The perennial congestion within the Lagos Ports and access roads has compounded the port closure which came as a fall out of the #EndSARS protests that rocked the nation two weeks ago and this may force terminal operators to start rejecting export containers in favour of a clear-out of import units of containers in-order to create more space at the ports.
A port worker who spoke on the condition of anonymity explained that emphasis is currently on clearing out the backlog of import unit of containers inside the port terminals due to their already congested state.
“You know the ports had been congested for most part of the year due to so many reasons which included diversion of more cargoes to the ports because of Nigeria’s border closure policy. With the EndSars protest, the ports were not opened for more than four days, meaning more congestion problem for our port terminals.
Now that the ports have been re-opened since on Monday, the terminal operators are already taking stock of the situation inside their various terminals. For now, the general notion is directed at clearing the backlog of import containers inside the ports.

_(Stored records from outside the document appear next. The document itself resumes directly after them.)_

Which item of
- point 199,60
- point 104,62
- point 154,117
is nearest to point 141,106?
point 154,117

Some terminals are even set to start rejecting export containers until they can evacuate a sizeable number of import containers in their terminals.

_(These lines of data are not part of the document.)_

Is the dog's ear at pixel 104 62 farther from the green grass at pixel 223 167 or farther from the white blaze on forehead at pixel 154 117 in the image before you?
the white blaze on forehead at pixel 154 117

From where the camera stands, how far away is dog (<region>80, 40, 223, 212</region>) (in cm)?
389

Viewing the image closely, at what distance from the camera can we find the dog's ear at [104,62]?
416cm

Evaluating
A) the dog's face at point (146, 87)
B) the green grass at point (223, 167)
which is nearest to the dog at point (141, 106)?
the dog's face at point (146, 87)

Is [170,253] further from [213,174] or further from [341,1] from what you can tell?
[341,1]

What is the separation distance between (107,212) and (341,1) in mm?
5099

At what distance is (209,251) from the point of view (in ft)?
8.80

Even the shipping companies are currently taking stock of the effect of the port closure on their businesses. Many ships were stranded on our waters during the more than four days port closure because all the officials that would have attended to them did not come to work or were unable to carry out their responsibilities.

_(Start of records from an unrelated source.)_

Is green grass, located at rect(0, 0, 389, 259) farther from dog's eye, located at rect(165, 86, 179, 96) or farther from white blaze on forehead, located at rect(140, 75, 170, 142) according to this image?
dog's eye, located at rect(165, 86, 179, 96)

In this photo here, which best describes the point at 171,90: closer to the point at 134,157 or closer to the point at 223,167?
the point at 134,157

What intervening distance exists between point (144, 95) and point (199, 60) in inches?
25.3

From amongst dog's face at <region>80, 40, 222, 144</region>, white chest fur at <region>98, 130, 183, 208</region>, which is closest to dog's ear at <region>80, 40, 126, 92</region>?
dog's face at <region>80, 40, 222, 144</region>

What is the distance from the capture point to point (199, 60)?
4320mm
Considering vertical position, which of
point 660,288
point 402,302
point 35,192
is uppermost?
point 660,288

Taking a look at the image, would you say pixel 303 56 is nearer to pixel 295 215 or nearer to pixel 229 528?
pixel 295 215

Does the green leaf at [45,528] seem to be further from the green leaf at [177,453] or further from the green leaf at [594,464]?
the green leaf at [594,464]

So the emphasis among the operators right now is on how to decongest the terminals of import units of containers. There is very high yard density at the ports and this is not good for port business.”
Another operator, however, thinks that perishable cargo would be given some level of priority so as to prevent them getting spoilt.
“They will be considered after a sizeable amount of import unit are cleared. For now, the focus is on decongesting Apapa and Tin-Can ports of import containers. However, perishable export cargoes might be considered during this time. Others might have to wait until there is considerable space in the ports.”